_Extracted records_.
>>>

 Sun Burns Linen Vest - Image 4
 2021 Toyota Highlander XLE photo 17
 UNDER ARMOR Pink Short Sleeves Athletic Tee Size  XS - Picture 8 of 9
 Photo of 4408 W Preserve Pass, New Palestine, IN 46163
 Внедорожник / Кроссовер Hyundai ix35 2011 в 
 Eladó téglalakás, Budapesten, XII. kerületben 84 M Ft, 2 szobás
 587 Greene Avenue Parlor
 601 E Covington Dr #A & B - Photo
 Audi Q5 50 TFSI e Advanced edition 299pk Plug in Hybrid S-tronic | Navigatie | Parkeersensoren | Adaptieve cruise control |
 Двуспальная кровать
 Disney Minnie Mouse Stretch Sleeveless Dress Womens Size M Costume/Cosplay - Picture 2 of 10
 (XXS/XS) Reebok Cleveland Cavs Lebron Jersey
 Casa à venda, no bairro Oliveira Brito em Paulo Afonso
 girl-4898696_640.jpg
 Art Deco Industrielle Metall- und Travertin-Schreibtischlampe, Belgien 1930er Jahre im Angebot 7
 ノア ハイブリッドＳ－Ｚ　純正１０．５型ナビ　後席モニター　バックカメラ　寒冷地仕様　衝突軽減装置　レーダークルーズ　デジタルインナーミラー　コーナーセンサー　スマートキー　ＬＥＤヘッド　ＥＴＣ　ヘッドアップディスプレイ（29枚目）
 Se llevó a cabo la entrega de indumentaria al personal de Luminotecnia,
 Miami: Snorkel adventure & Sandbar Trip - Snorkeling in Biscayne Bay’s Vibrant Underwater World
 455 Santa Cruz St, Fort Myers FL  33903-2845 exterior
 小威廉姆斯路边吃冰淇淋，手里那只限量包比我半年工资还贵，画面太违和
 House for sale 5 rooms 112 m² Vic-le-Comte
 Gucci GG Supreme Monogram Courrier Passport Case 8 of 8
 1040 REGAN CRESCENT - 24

<<<

_TASK OBJECTIVE_.
Beginning at the top of the data, extract each line through the line containing "Внедорожник / Кроссовер Hyundai ix35 2011 в" and return those lines exactly, with nothing added.

_FINISHED EXERCISE_.
 Sun Burns Linen Vest - Image 4
 2021 Toyota Highlander XLE photo 17
 UNDER ARMOR Pink Short Sleeves Athletic Tee Size  XS - Picture 8 of 9
 Photo of 4408 W Preserve Pass, New Palestine, IN 46163
 Внедорожник / Кроссовер Hyundai ix35 2011 в 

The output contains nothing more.